#### PROBLEM DESCRIPTION:
Write out the material in full, matching each line exactly.

#### RECORD SET:
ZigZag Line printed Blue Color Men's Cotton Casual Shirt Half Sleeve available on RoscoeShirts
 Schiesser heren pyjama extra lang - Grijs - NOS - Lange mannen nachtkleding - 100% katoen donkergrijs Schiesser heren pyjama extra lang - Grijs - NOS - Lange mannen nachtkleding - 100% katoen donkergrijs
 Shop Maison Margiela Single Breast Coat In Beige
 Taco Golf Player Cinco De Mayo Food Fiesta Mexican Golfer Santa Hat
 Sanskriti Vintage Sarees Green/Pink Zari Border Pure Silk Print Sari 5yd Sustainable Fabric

#### SOLUTION FOR THIS EXERCISE:
ZigZag Line printed Blue Color Men's Cotton Casual Shirt Half Sleeve available on RoscoeShirts
 Schiesser heren pyjama extra lang - Grijs - NOS - Lange mannen nachtkleding - 100% katoen donkergrijs Schiesser heren pyjama extra lang - Grijs - NOS - Lange mannen nachtkleding - 100% katoen donkergrijs
 Shop Maison Margiela Single Breast Coat In Beige
 Taco Golf Player Cinco De Mayo Food Fiesta Mexican Golfer Santa Hat
 Sanskriti Vintage Sarees Green/Pink Zari Border Pure Silk Print Sari 5yd Sustainable Fabric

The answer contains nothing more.